Cessons de nous accuser les uns les autres pour des actes du passé. Réconcilions-nous pour construire la paix. « Si nous sommes divisés en notre sein, c’est prioritairement à cause de déchirements historiques. Ce qui nous oppose aujourd’hui ne relève pas tant de ce que nous vivons maintenant que de ce qui fut vécu jadis, peut-être même en notre absence.

Nul n’ignore les tragédies de nos peuples. Nul n’est insensible aux déchirements douloureux occasionnés par le drame de l’Histoire. Toute référence à l’Histoire nous est profitable dans la seule mesure où nous commençons à l’accepter pour en déployer dans le présent toute sa signification. Accepter l’Histoire ne signifie pas y voir une fatalité, encore moins une absurdité… Si donc nous condamnons les erreurs du passé, nous devons en même temps désirer qu’elles ne se reproduisent plus jamais. Nos parents ont fait la guerre. Nous, nous faisons la Paix. » Oh ! Oui, la guerre est finie. Nous avons fait front commun durant les hostilités. Nous avons accédé à l’indépendance. Le passé d’humiliation ne doit pas continuer de diviser notre fraternité de sang, de freiner nos efforts de renaissance ; ce serait trop chèrement payer la défaite imposée par les circonstances et les événements à nos résistants GBÊHANZIN, KABA, BIO GUERA. Il faut savoir terminer un conflit, déposer les armes, resserrer les rangs, panser les blessures et recommencer à vivre pour que nos morts reposent en paix. Réconcilions-nous et faisons une paix sincère, durable, définitive. Liquidons le contentieux né des intrigues coloniales, de la diplomatie qui nous divise, nous oppose, nous dépersonnalise pour nous affaiblir à jamais.

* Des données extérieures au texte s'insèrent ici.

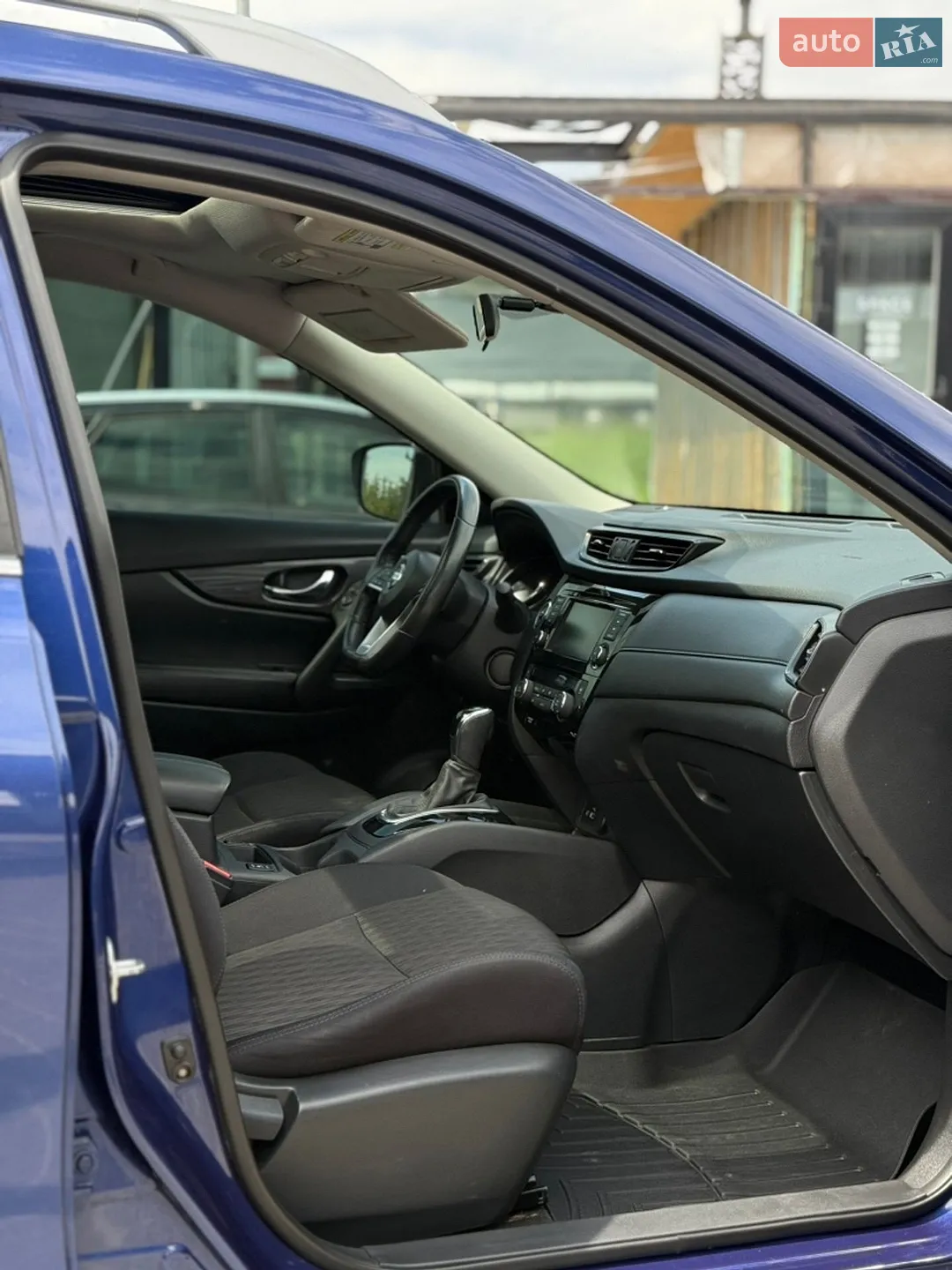2018 Nissan Rogue - мініатюра 13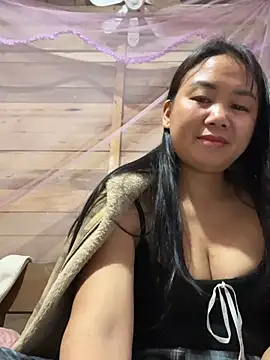 Snapshot of Binjt chatting on 02/13/26, 02:17 Binjt online show from 02/13/26, 02:17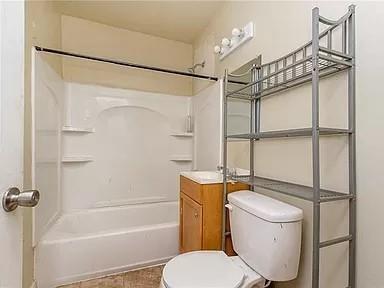 Building Photo - 141 Rosewood Dr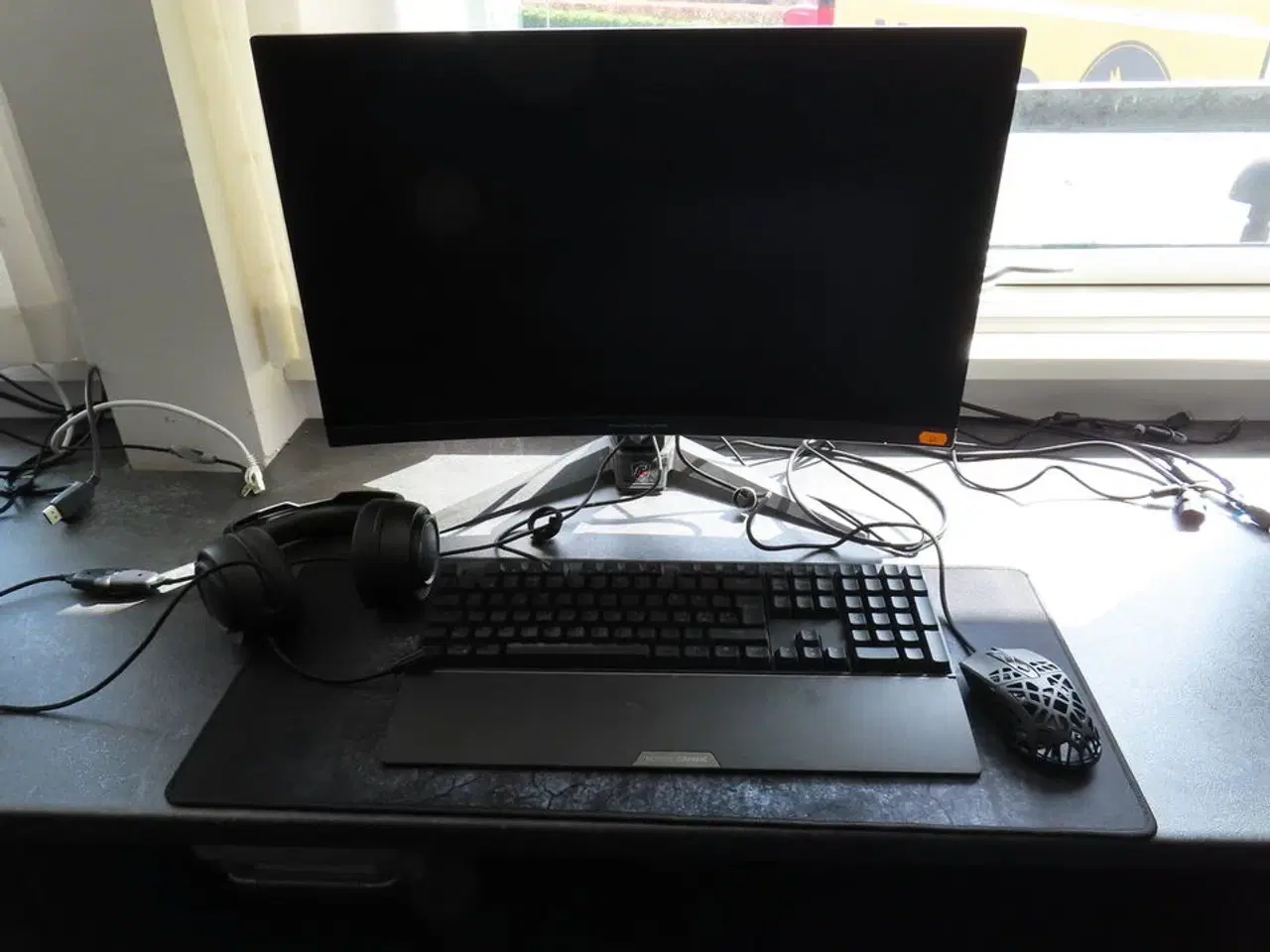 Billede 1 - 27" curved gaming monitor, ASROCK PHANTOM GAMING pg27f15rs1a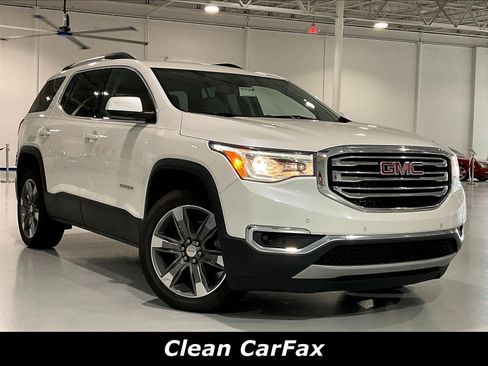 Used 2018 GMC Acadia SLT FWD image 2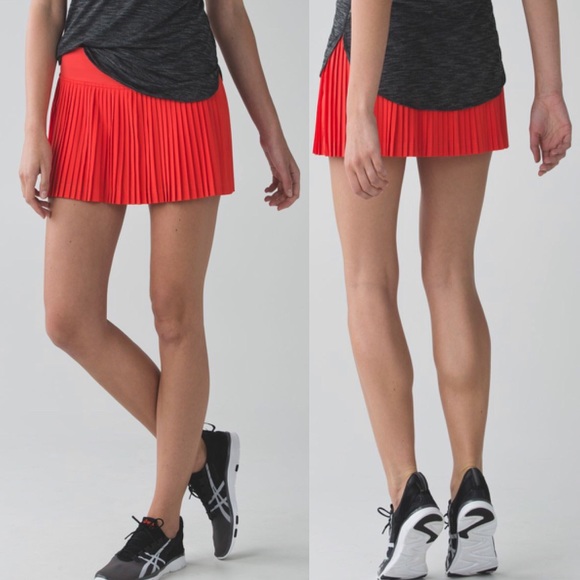 lululemon athletica Dresses & Skirts - [Lululemon] Pleat To Street Skirt Skort Alarming 6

A ceux qui n’acceptent pas cette paix des braves nous disons : « Vos bras manqueront sur le chantier de la construction nationale et du développement de votre région, de votre département, de votre commune. Aujourd’hui, tous les héritiers de l’histoire des anciens royaumes ont leur place dans l’édification de la « Res publica », de la chose publique. Les absents ont tort et seront ignorés, négligés, disqualifiés. Les désunis sont d’avance des perdants. Les nostalgiques d’un passé révolu mourront de leurs beaux rêves desséchés. Cessons de transmettre à nos enfants « l’héritage des préjugés d’une famille sur l’autre, d’une dynastie sur l’autre, d’une ethnie sur une autre. Prenons soin de leur présenter l’histoire des peuples, des clans, des familles, de manière à ne pas susciter en eux des sentiments de méfiance, de révolte ou de vengeance, ou encore de refus de coopérer à l’œuvre commune ». L’élan de la solidarité citoyenne à laquelle invitait jadis le Roi GHÉZO pour que tous les fils du pays, viennent boucher de leurs doigts les trous de la jarre d’où s’écoule le sang nourricier de la nation, demeure plus que jamais d’actualité. Puisse le vent du changement qui souffle aujourd’hui devenir l’ultime chance de galvaniser les Béninoises et les Béninois, quelles que soient leurs ethnies, leurs religions, leurs cultures. Qu’ils se décident vraiment à regarder tous dans la même direction, celle de l’union sacrée et des retrouvailles pour le développement de l’héritage commun. Je sais que nous relèverons le défi du millénaire. Nous ne trahirons pas GBEHANZIN, notre Héros National. Nous ne trahirons pas nos ancêtres. Avec KONDO LE REQUIN, nous vous disons à tous : « II ne faut pas qu’aux portes du pays des morts le douanier trouve des souillures à nos pieds. Vivons de telle sorte qu’en revoyant nos ancêtres nos ventres s’ouvrent à la joie ».

Jean PLIYA.

Remerciements : Nous exprimons notre gratitude à tous ceux dont les écrits ou les témoignages oraux nous ont fourni des informations pour rédiger ce texte. Nous le dédions à tous ceux qui l’ont apprécié et nous ont encouragé à le publier.